Take a ride on the Texas Space Station in Maine
NASA astronaut Shane Kimbrough posted a cool video captured from the International Space Station (ISS), where he has been living and working since April.
The 24-second footage shows the United States and its major cities lit up at night as the station travels from Texas in the south to Maine in the northeast at an altitude of about 250 miles. Watch closely and you’ll spot a storm far below, while the end of the video features a sunrise.
“Hope you enjoy the drive from Texas to Maine as seen from Endeavor’s window on [the ] space station! ”Kimbrough said in a message accompanying the video.
– Shane Kimbrough (@astro_kimbrough) October 9, 2021
As Kimbrough points out, the footage was captured from a window on Endeavor, the SpaceX capsule that performed the company’s first crewed test flight in 2020 and is now docked at the ISS after bringing in Crew-2 astronauts in space in April.
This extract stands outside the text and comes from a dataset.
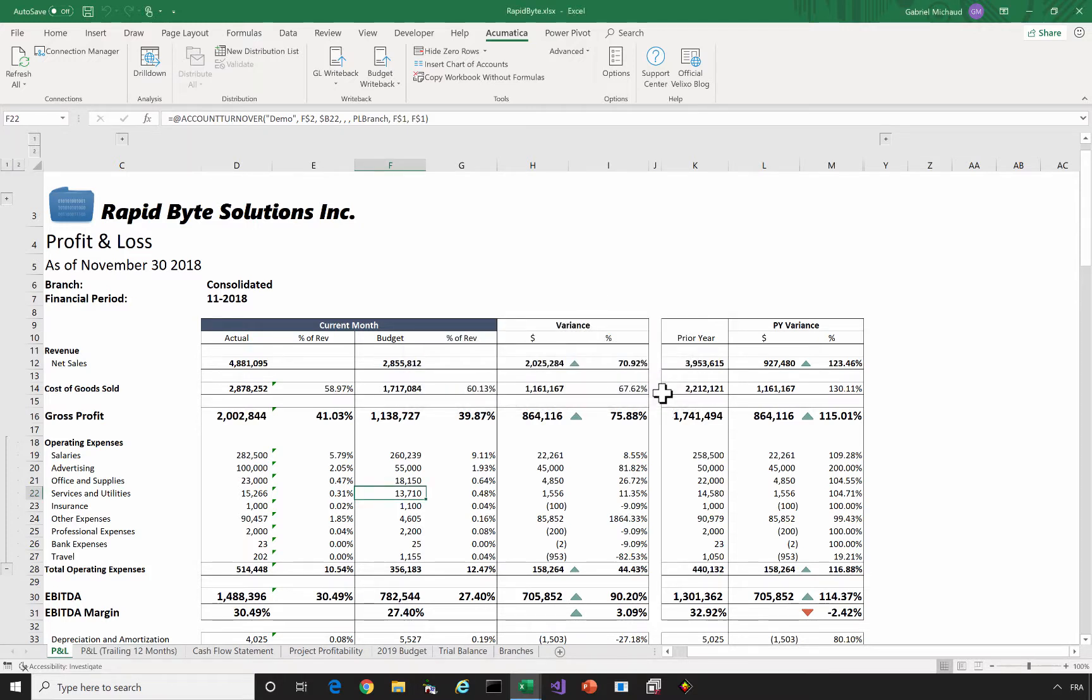After your Acumatica system is upgraded, please complete the following steps from any Velixo connected spreadsheet.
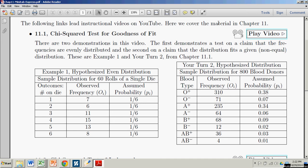Hi there. In this demonstration we're going to see how to do a chi-squared test for goodness of fit using Minitab Express. We're going to do two different examples.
While the speed of Kimbrough’s video has been increased, the space station is still moving at a steady pace, traveling at five miles per second. This means that it revolves around our planet about once every 90 minutes, resulting in 16 orbits of Earth per day, and therefore 16 sunrises and sunsets.
Locate the station
Want to turn the tide and watch the ISS pass overhead? All you need is a clear sky and a little patience as you wait for it to come your way. It can cross your part of the world several times a week, or just once a month, it all depends on where you are. Fortunately, NASA has a notification service that notifies you of sightings the day before, so all you need to do is sign up, enter your zip code, and wait. This Digital Trends article explains how to register and offers other tips for spotting the space station.
Other spectacular sights visible from the orbiting outpost include the aurora, the magnificent phenomenon that occurs when particles from solar storms encounter gases in Earth’s atmosphere. The Aurora cabin can also be observed on the ground, but the ISS offers a special perspective with Earth below. Kimbrough’s colleague, French astronaut Thomas Pesquet, recently posted a stunning image of what he said was one of the best auroras he’s ever seen from space.
Pesquet spent part of his six-month stay on the ISS capturing incredible snapshots of Earth, although you might be surprised at how much planning it takes to get the best images. Kimbrough also posted her batch of amazing photos.